Exercise prompt ->
Print the listing below only from the line that has "Reebok Club C" through the line that has "Timberland t-shirt", exactly, and drop any picture.

Entries shown ->
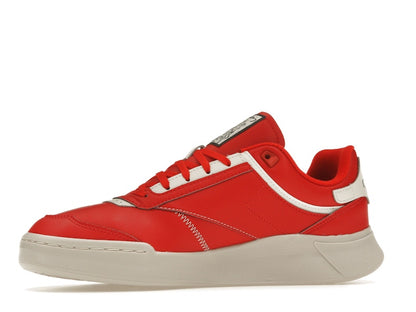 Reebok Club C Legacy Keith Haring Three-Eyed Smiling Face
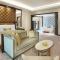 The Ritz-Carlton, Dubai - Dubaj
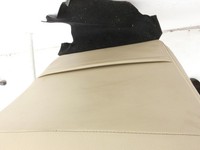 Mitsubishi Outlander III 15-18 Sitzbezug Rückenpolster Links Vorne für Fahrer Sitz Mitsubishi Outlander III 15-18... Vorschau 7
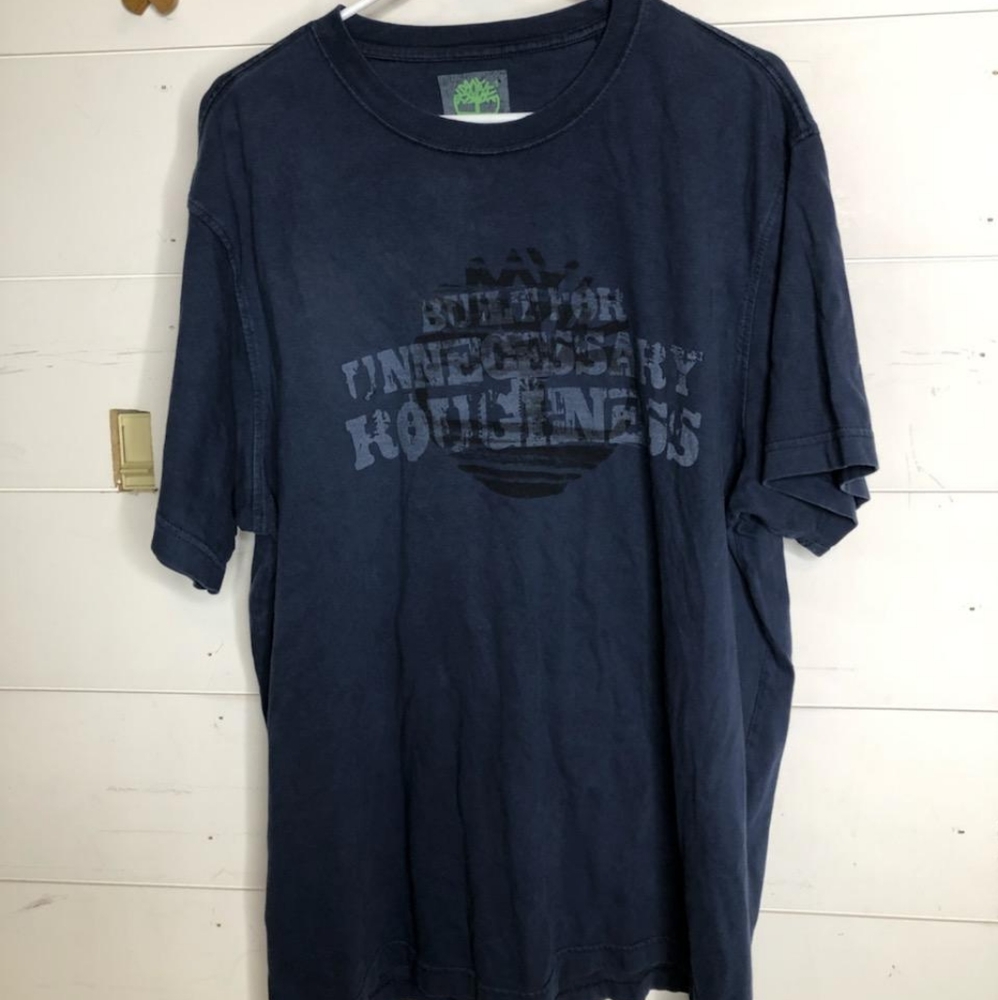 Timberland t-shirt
--
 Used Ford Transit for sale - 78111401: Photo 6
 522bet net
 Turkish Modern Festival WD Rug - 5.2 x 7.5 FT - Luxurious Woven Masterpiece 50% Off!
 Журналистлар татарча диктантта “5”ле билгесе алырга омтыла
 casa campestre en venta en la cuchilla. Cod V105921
* * *
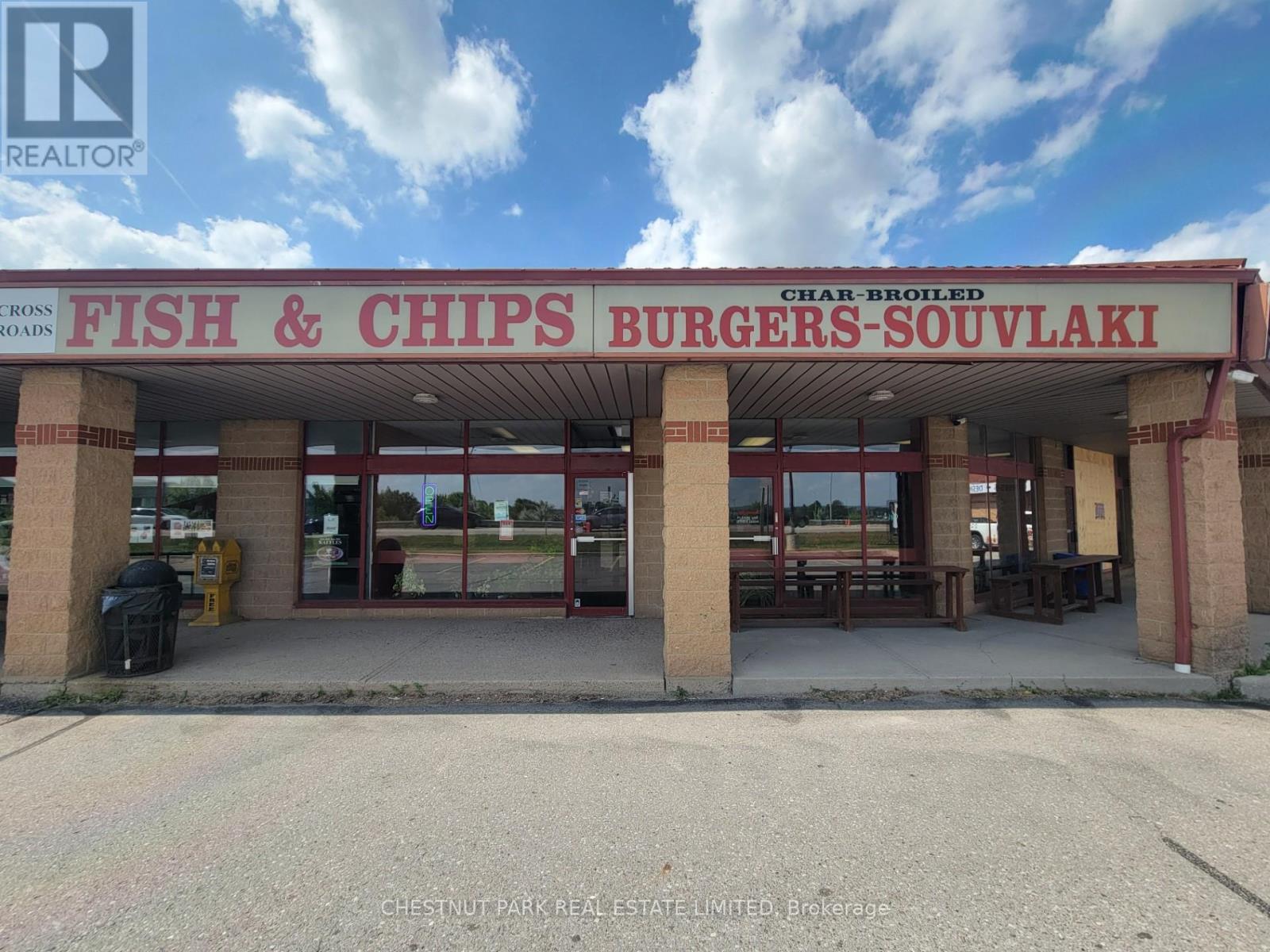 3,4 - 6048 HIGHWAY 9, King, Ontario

Completed task ->
 Reebok Club C Legacy Keith Haring Three-Eyed Smiling Face
 The Ritz-Carlton, Dubai - Dubaj
 Mitsubishi Outlander III 15-18 Sitzbezug Rückenpolster Links Vorne für Fahrer Sitz Mitsubishi Outlander III 15-18... Vorschau 7
 Timberland t-shirt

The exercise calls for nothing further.